It’s safe to say that millions of dollars, not to mention man-hours, are wasted each year because of over-constrained, overly complicated PCB designs. Much of this is due to the increase in signal speeds and rise times, even in “mature” PCBs, and the extra cost is already part of the budget.
For this issue on simplifying PCB designs, the I-Connect007 Editorial Team spoke with IPC instructor Kris Moyer about ways that designers can avoid overconstraining their designs and making them needlessly complex. As Kris says, streamlining your design comes down to having a solid understanding of fab and assembly processes and the silicon tradeoffs that can simplify or overcomplicate your design, as well as the need to start working with fabricators early in the cycle.
Andy Shaughnessy: What are some typical snafus and missteps that you see designers make to overcomplicate their designs?
Kris Moyer: Here’s what often happens: Let’s say you have one connector on your board that needs tight tolerance. But rather than dimensioning to just that connector, locally, designers will do a tight tolerance to the data from the global dimensioning system, which now constrains the entire board.

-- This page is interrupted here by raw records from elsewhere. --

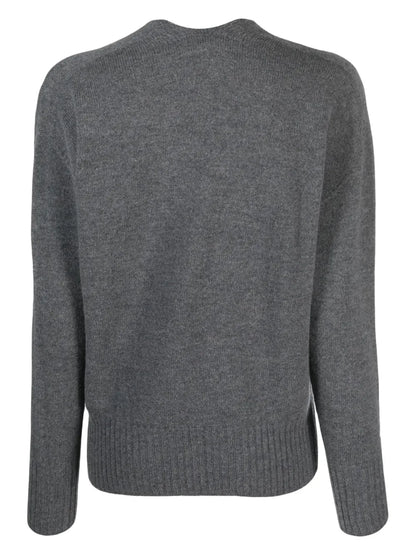 Drop-Shoulder V-Neck Jumper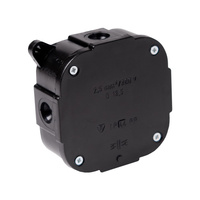 Abzweigkasten Aufputz-Feuchtraum Verbindungsdose ohne Klemmen Abzweigdose schwarz 88x88x40 mm Viplast 074-05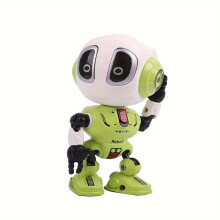 (Green) Interactive Robot With Alloy Body, Intelligent Touch And Multi-function Toys For Children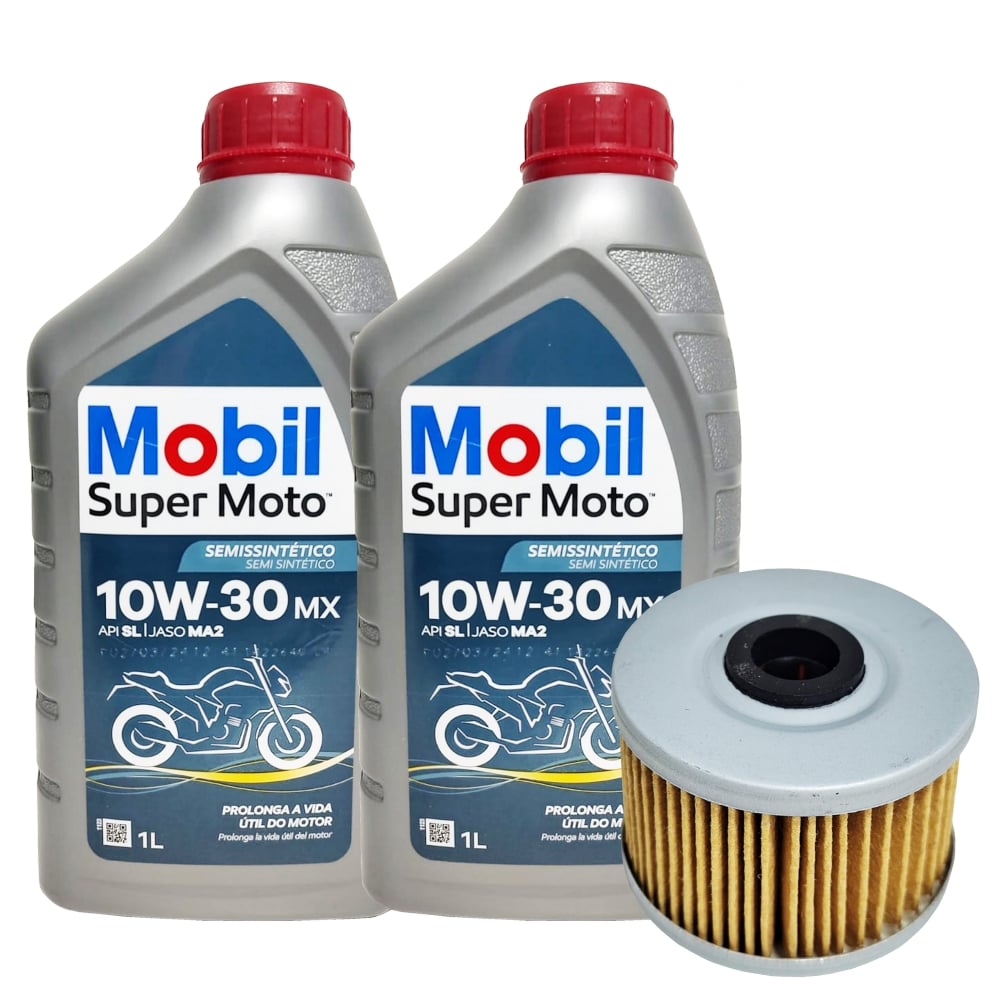 Mobil 2 Litros 10W30 Semi-Sintetico + Filtro Óleo Twister/Cb300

Or, if they need perfect coplanarity on a BGA part for good BGA mounting, they’ll put co-planarity back over the entire board where they don't need it, because regular chips, gull-wings, and so on don't need the same amount of coplanarity as a BGA—or they'll try to hold layer tolerances: “I need a 2-mil layer plus or minus 10%,” because they know that 10% is normal for tolerance, but they missed the part of the spec that says 10% or 1 mil, whichever is greater. Fabricators can't hold that tight a layer-to-layer tolerance when it's below a certain layer thickness.
Below about a 10-mil thickness, the best fabricators can do layer-to-layer is 1 mil for nominal processing; If you want to hold a tighter tolerance, you're paying for 100 to get five boards. That’s just a couple of examples. Another is overly tight hole tolerances: “I want to have 150-mil diameter hole ±1 mil.” Again, it's unreasonable, right?